The race organisers nevertheless flagged the warm-up lap at the normal time, leaving several cars delayed on the grid, either stalled or with their cockpits vacant. The resulting chaos when the grid formed up again at the end of this lap was exacerbated when Nelson Piquet missed his starting position and was sent round on another lap, with the other cars being held in position. As the cars began to overheat, several drivers turned off their engines, among them Arrows driver Riccardo Patrese, expecting another formation lap due to Piquet's error. However, the organisers began the start sequence as usual once Piquet had regained his position. Patrese was unable to restart his car and waved his arms to signal that he could not take the start. His mechanic, Dave Luckett, came onto the track to restart the car from behind.
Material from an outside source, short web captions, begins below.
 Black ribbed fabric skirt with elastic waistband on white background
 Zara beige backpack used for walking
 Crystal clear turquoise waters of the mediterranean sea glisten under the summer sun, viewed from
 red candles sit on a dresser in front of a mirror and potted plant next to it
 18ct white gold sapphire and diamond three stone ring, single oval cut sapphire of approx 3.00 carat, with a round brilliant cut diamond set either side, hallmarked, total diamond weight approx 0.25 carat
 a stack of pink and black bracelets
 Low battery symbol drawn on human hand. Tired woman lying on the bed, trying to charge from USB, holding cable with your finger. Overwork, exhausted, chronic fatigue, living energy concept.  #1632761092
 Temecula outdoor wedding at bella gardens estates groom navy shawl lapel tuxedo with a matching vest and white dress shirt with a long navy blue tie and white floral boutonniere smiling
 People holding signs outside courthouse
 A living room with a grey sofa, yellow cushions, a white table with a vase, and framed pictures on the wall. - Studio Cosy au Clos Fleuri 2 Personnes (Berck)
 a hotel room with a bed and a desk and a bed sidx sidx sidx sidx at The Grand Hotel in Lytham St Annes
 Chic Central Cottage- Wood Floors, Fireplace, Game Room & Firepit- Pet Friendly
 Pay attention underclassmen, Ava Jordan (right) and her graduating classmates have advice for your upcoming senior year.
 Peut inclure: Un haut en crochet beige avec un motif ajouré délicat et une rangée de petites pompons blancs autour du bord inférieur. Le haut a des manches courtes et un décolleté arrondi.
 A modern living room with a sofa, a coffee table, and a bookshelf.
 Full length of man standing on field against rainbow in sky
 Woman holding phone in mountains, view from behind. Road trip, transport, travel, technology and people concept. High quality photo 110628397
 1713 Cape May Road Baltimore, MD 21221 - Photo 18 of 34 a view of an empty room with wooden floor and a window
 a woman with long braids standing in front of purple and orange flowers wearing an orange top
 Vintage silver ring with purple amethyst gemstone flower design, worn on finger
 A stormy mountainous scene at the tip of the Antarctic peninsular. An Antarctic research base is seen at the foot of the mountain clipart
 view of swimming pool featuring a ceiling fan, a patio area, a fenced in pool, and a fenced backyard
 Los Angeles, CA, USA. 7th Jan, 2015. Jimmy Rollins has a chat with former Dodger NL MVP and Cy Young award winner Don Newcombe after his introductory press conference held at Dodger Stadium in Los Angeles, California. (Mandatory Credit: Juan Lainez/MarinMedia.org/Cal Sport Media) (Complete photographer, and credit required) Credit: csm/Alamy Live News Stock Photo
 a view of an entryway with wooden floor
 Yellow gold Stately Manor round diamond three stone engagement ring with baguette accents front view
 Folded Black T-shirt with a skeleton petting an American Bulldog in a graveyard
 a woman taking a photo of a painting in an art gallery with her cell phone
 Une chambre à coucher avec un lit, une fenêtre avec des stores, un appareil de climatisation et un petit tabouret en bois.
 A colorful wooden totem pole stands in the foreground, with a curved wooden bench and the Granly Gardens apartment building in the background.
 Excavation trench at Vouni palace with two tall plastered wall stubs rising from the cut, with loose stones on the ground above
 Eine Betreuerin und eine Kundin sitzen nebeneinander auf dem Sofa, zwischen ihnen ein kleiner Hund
As he did so, the Clerk of the Course had already started the lighting sequence to start the race, and the race went ahead despite his presence and Patrese's gesticulations. The other Arrows driver, Siegfried Stohr, ploughed into the back of his teammate's car, hitting Luckett. Luckett suffered a broken leg and lacerations but survived the incident. The race continued, and as the field was about to start the second lap, Stohr's disabled car was still on the circuit, and some of the furious marshals, who did not have the official authority to stop the race jumped onto the track and frantically waved at the drivers to stop while the cars passed by with very little space on the narrow track. The confused drivers waved back at the marshals, and on the next lap the drivers did stop at their own accord.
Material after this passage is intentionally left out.